Bruce Lee himself describes it best:
“In the yin yang symbol, there is a white spot on the black half, and a black spot on the white half. In JKD, Yang (firmness) should be concealed in Yin (gentleness) as Yin is concealed within Yang.
Thus, a JKD man should be soft, yet not yielding; firm, yet not hard. The curved arrows surrounding the Yin Yang symbol represent not only the harmonious interplay of Yin Yang but also the interchangeability of opposites.”
In Eastern Philosophy the Yin/Yang is an important symbol and holds its roots in Taoism… the “source of the water” for much of Bruce Lee’s philosophical pondering. It is a symbol that gives representation to how apparently opposite forces are actually related and how they cycle and give rise to one another. Each half of the Yin Yang contains a part of the other, representing the “yang within yin” and the “yin within yang”
Think of the saying, “Two sides of the same coin”. Many tangible dualities are thought to be a physical representation of Yin Yang (male/female, light/dark, love/hate).
This duality is the central principle of much of Chinese thought, philosophy, and martial arts. It serves the same purpose in Jeet Kune Do… where Lee is quite often quoted on seemingly contradicting phrases, such as the characters that make up the outer ring of his Core Symbol. (More on this in a bit)

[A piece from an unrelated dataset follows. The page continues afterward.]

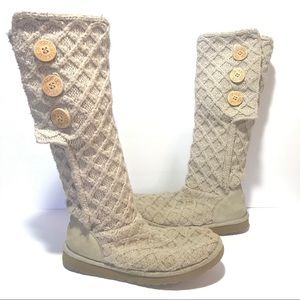 UGG Lattice Cardy Sand Button Sweater Knit Boots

Notice the symbolism here: there are many “circles within circles”. The ensō, or “The Zen Circle“, embodies one of the defining aspects of Zen Buddhism and something that is a core principle of Jeet Kune Do itself: the concept of “no-mind”. A state of “no-mind” is where a person is free from thoughts and emotions while being completely present in the now. It is believed that while in this state of ‘one-ness’ with the moment, true creativity and freedom can arise… something Bruce Lee was very adamant about passing down to his students.
These circles represent the constant cycles in life: birth/rebirth, life/death, day/night… and of constantly striving to refine one’s art. Learning, refining, discarding… and then repeating the process over and over.
The characters surrounding the symbol translate to: “Using no way as a way” and “Using no limitations as limitations” (I have BOTH these phrases as large wall scrolls in my home kwoon).
Both these phrases seem to contain contradicting phrases… but this is the way that Chinese and other Eastern philosophies are taught: the answer is not given to you. You must seek within yourself to discover the truth.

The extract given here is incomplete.